Problem to solve: Please print the data that follows, keeping every line exact.

Input records:
------------------------------------------------------------
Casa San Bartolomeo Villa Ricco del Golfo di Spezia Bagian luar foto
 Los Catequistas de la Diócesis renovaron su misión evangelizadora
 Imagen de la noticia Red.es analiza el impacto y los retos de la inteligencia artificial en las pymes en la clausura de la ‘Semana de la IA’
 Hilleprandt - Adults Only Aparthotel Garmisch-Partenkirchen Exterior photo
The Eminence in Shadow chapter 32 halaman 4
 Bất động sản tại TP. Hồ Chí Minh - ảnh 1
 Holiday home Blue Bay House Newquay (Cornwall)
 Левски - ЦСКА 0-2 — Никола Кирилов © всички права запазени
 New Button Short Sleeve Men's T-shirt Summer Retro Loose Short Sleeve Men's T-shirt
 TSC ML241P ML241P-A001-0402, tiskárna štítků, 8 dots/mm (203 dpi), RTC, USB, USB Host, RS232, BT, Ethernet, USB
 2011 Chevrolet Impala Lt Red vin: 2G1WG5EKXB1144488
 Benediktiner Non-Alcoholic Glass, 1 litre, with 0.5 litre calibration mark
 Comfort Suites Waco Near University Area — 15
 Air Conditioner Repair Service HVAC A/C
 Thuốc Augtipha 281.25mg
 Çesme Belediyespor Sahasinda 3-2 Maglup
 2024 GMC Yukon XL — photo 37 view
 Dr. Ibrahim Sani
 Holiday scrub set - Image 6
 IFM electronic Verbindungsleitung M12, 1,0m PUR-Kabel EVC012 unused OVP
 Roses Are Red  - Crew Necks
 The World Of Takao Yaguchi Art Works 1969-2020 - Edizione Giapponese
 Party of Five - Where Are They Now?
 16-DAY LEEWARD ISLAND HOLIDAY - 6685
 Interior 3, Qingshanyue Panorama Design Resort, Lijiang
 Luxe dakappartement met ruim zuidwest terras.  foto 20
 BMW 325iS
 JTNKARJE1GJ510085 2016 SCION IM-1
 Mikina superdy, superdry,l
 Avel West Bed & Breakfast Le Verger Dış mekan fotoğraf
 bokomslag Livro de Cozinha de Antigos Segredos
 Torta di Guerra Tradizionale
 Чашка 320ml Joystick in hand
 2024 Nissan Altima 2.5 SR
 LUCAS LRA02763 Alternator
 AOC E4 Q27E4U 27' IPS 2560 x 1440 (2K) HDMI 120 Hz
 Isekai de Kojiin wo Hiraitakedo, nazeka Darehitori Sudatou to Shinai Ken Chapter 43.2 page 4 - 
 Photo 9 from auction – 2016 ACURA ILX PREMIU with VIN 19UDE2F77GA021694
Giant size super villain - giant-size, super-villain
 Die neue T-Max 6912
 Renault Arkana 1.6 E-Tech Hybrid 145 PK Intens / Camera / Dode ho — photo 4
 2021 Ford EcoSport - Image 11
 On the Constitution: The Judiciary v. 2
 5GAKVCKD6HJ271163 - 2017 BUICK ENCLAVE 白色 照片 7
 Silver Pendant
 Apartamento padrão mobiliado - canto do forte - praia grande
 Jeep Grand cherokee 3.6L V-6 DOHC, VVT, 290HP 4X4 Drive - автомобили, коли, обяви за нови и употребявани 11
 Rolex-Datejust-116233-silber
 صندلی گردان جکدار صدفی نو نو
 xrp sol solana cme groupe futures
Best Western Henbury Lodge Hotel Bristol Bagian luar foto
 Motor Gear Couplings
------------------------------------------------------------
Response:
Casa San Bartolomeo Villa Ricco del Golfo di Spezia Bagian luar foto
 Los Catequistas de la Diócesis renovaron su misión evangelizadora
 Imagen de la noticia Red.es analiza el impacto y los retos de la inteligencia artificial en las pymes en la clausura de la ‘Semana de la IA’
 Hilleprandt - Adults Only Aparthotel Garmisch-Partenkirchen Exterior photo
The Eminence in Shadow chapter 32 halaman 4
 Bất động sản tại TP. Hồ Chí Minh - ảnh 1
 Holiday home Blue Bay House Newquay (Cornwall)
 Левски - ЦСКА 0-2 — Никола Кирилов © всички права запазени
 New Button Short Sleeve Men's T-shirt Summer Retro Loose Short Sleeve Men's T-shirt
 TSC ML241P ML241P-A001-0402, tiskárna štítků, 8 dots/mm (203 dpi), RTC, USB, USB Host, RS232, BT, Ethernet, USB
 2011 Chevrolet Impala Lt Red vin: 2G1WG5EKXB1144488
 Benediktiner Non-Alcoholic Glass, 1 litre, with 0.5 litre calibration mark
 Comfort Suites Waco Near University Area — 15
 Air Conditioner Repair Service HVAC A/C
 Thuốc Augtipha 281.25mg
 Çesme Belediyespor Sahasinda 3-2 Maglup
 2024 GMC Yukon XL — photo 37 view
 Dr. Ibrahim Sani
 Holiday scrub set - Image 6
 IFM electronic Verbindungsleitung M12, 1,0m PUR-Kabel EVC012 unused OVP
 Roses Are Red  - Crew Necks
 The World Of Takao Yaguchi Art Works 1969-2020 - Edizione Giapponese
 Party of Five - Where Are They Now?
 16-DAY LEEWARD ISLAND HOLIDAY - 6685
 Interior 3, Qingshanyue Panorama Design Resort, Lijiang
 Luxe dakappartement met ruim zuidwest terras.  foto 20
 BMW 325iS
 JTNKARJE1GJ510085 2016 SCION IM-1
 Mikina superdy, superdry,l
 Avel West Bed & Breakfast Le Verger Dış mekan fotoğraf
 bokomslag Livro de Cozinha de Antigos Segredos
 Torta di Guerra Tradizionale
 Чашка 320ml Joystick in hand
 2024 Nissan Altima 2.5 SR
 LUCAS LRA02763 Alternator
 AOC E4 Q27E4U 27' IPS 2560 x 1440 (2K) HDMI 120 Hz
 Isekai de Kojiin wo Hiraitakedo, nazeka Darehitori Sudatou to Shinai Ken Chapter 43.2 page 4 - 
 Photo 9 from auction – 2016 ACURA ILX PREMIU with VIN 19UDE2F77GA021694
Giant size super villain - giant-size, super-villain
 Die neue T-Max 6912
 Renault Arkana 1.6 E-Tech Hybrid 145 PK Intens / Camera / Dode ho — photo 4
 2021 Ford EcoSport - Image 11
 On the Constitution: The Judiciary v. 2
 5GAKVCKD6HJ271163 - 2017 BUICK ENCLAVE 白色 照片 7
 Silver Pendant
 Apartamento padrão mobiliado - canto do forte - praia grande
 Jeep Grand cherokee 3.6L V-6 DOHC, VVT, 290HP 4X4 Drive - автомобили, коли, обяви за нови и употребявани 11
 Rolex-Datejust-116233-silber
 صندلی گردان جکدار صدفی نو نو
 xrp sol solana cme groupe futures
Best Western Henbury Lodge Hotel Bristol Bagian luar foto
 Motor Gear Couplings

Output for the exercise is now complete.